If it wasn’t for my father I may have never been to Hawaii or Huntington Beach, let alone the planet Earth. He was the one who found the teaching job in Hawaii in the 1960s and the budget beach cottage in Huntington Beach twenty-five years ago, in what has now become a million-dollar neighborhood. I just tagged along. Although we had our differences, and his confrontational attitude and unstable ministry left me largely rootless by the time I was a teenager, I can’t deny I owe a lot to the man.
In addition to the ukulele, I also have one of his bikes, an Electra three speed that he only rode once. The design, black numbers on a white frame, give it a cow-like appearance, and it was my main ride for years. After returning from Vietnam, it had been destroyed by rust, however, the chain brittle and orange, and the brake calipers clamped down like vise grips on the tires. The bike shops were taking months to do repairs and there were no affordable bikes anywhere.

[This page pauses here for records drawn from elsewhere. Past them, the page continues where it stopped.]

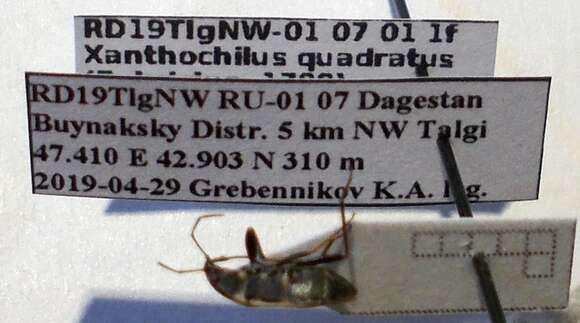 Rhyparochromus (Xanthochilus) quadratus (Fabricius & J. C. 1798) resmi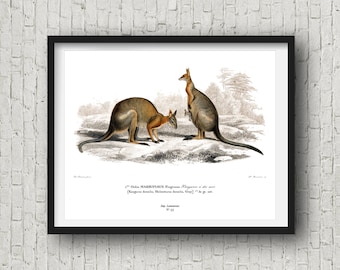 Kangaroos in the Wild, Fine Art, Victorian Art, Australian Art, Wild Animal, Gift, Animal, Dorm, Science Art, Home Decor, Interior Vintage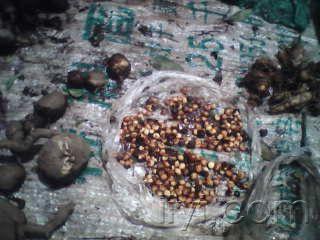 我用手机拍的地下明珠，有些不清楚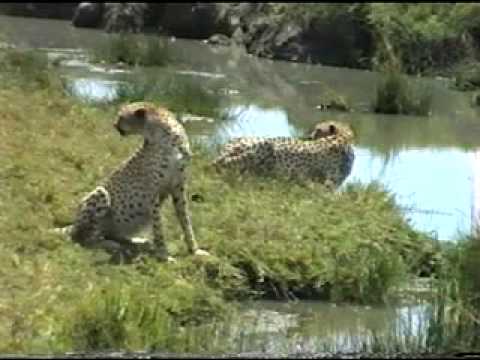 gepard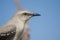 Bird portrait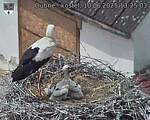 Capi_Dubne_20250610_132503.jpg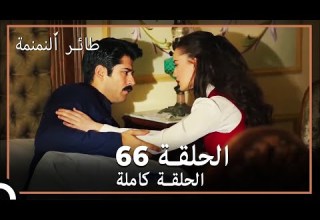 66 طائر النمنمة الحلقة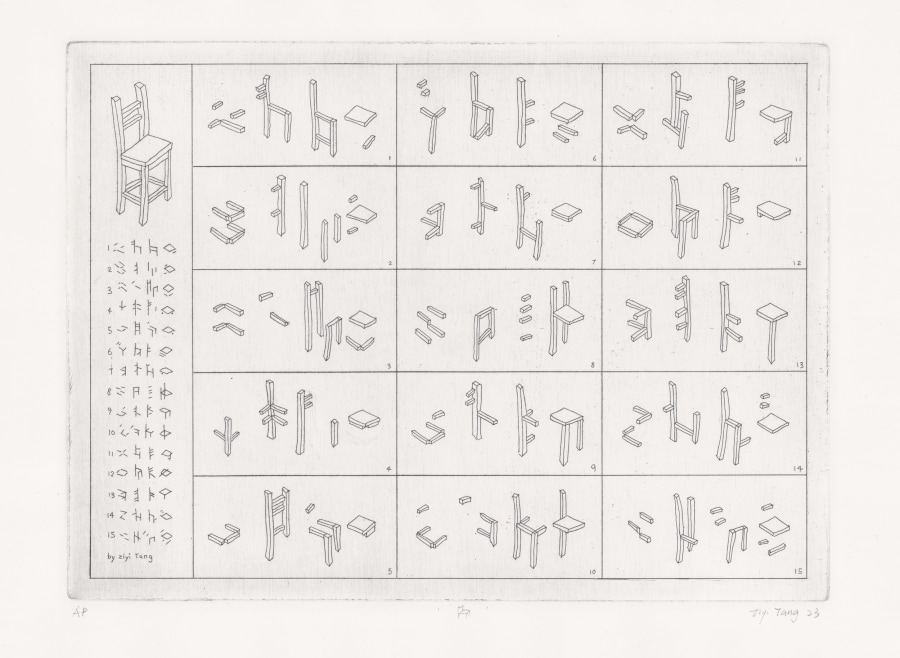 Ziyi Tang  The Chair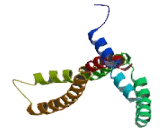 Family With Sequence Similarity 9, Member B (FAM9B)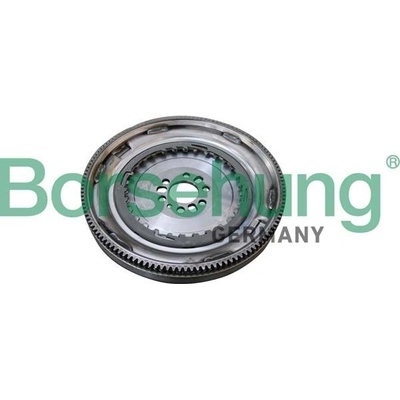 Zotrvačník Borsehung B10919 B10919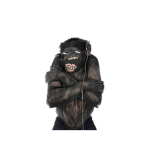 MUSTY MONKEY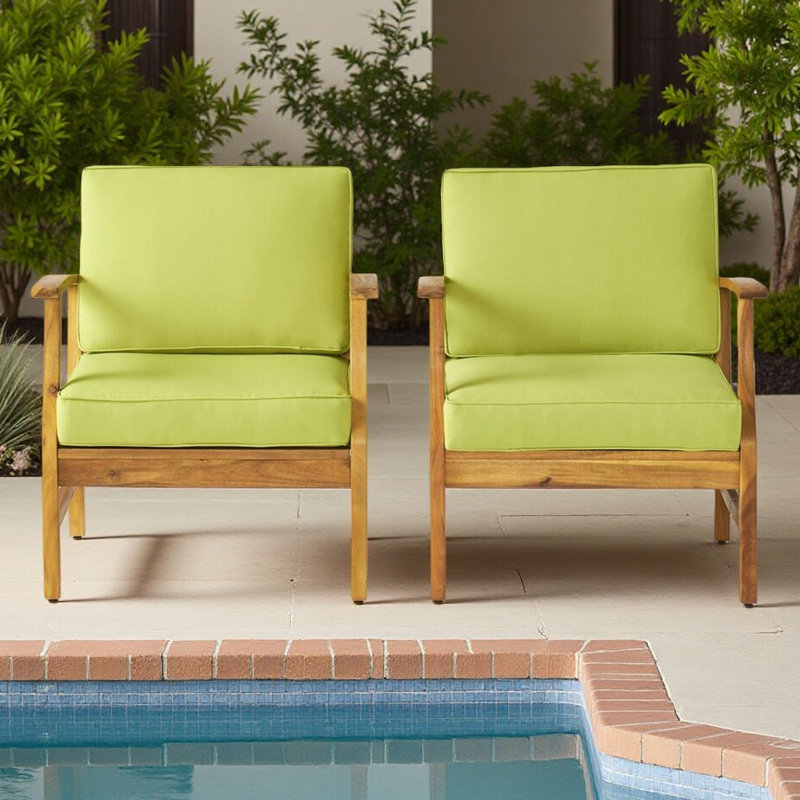 Ensemble de 2 fauteuils club, Vert, Brun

Around this time, my mother spotted a bike locked to a street sign that was for sale. The Blue Bike wasn’t worth what they were asking, but I was desperate for a ride and made do with it for a few months. It went on to get a flat tire every other week, which didn’t seem possible, and led me to believe that it was cursed.
It did buy me time to get father’s old bike into JAX for a tune-up, however, and after picking that up and mounting a surf rack on it, I dubbed it the Holstein Charger. It was a valiant ride, and we did about eight months of hardcore surf patrol together before the same problems began to set in. Any bike with handbrakes doesn’t stand a chance at the beach.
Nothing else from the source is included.